Happily drafting more stories for what I hope will be my third flash fiction collection. I’m almost there at the word count requirement but know the draft needs a heavy edit (or several) so plenty still to do there.

Am also revising my non-fiction project. Generally happy with it but am tweaking at the moment. Next stage there will be to draw up a list of publishers I want to approach with it. Am hoping to get that out for submission in the next couple of months or so and I’d love to be able to submit the third flash book by the end of the year. Yes, that is my 2021 taken care of nicely!

I find once I get started on a writing session, it is like someone has fired the starting gun and off I go. It can be the getting started that can be tricky, especially if you’re tired etc as I mentioned yesterday.
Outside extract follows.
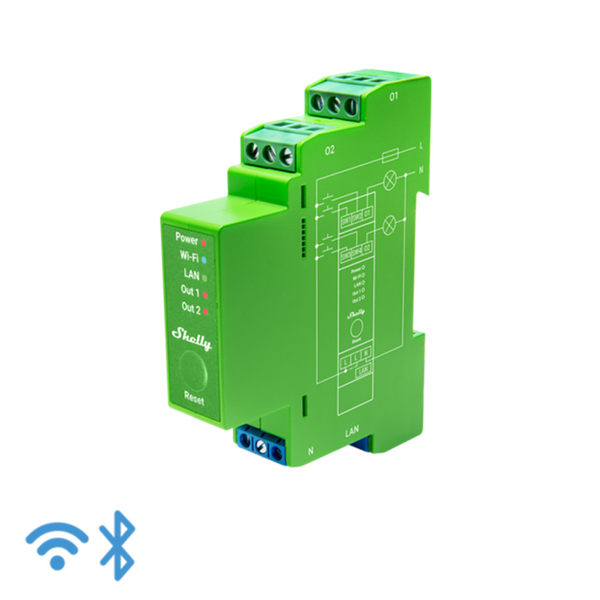Shelly Pro Dimmer 2PM Smart Light Controller, DIN Rail Mounted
My tip here is be gentle on yourself, don’t commit to too much, and on days when I feel like that, I focus on small amounts of writing I can polish up later. There will be places for a 100 or 200 word story later, that’s for sure, and I feel better for having got something down I know I can send off later.

Still no snow today so that’s promising! (I know, I know! Famous last words and all that. We’ll see!).

Not impressed with the recent wintry conditions in the UK. Image created in Book Brush using a Pixabay photo.

Snow again this morning. Other than that, it has been an okay but busy Monday. Hope you have had a good day.

Glad to hear Just a Minute on the air again. It’s not the first time they’ve used guest presenters but it is odd that the much missed Nicholas Parsons is no longer part of this wonderful game.

I’ve mentioned before I tend to write less on a Monday given it is one of my busiest days and tiredness takes its toll. But that’s fine. I know I’ll make up for it during the rest of the week. I don’t set myself a word count per day. I just want to write daily and there will be some fluctuations. It is a case of going with the flow. And that’s fine too but it has taken me some time to get to that point and to learn not to be too hard on myself.

 

Lady helps out! Image by Adrian Symes.


Still can’t believe how cold it is. Doesn’t feel like April at all. Oh and we had snow again today. Thankfully not for long but I suspect it will still be a while before our heating goes off!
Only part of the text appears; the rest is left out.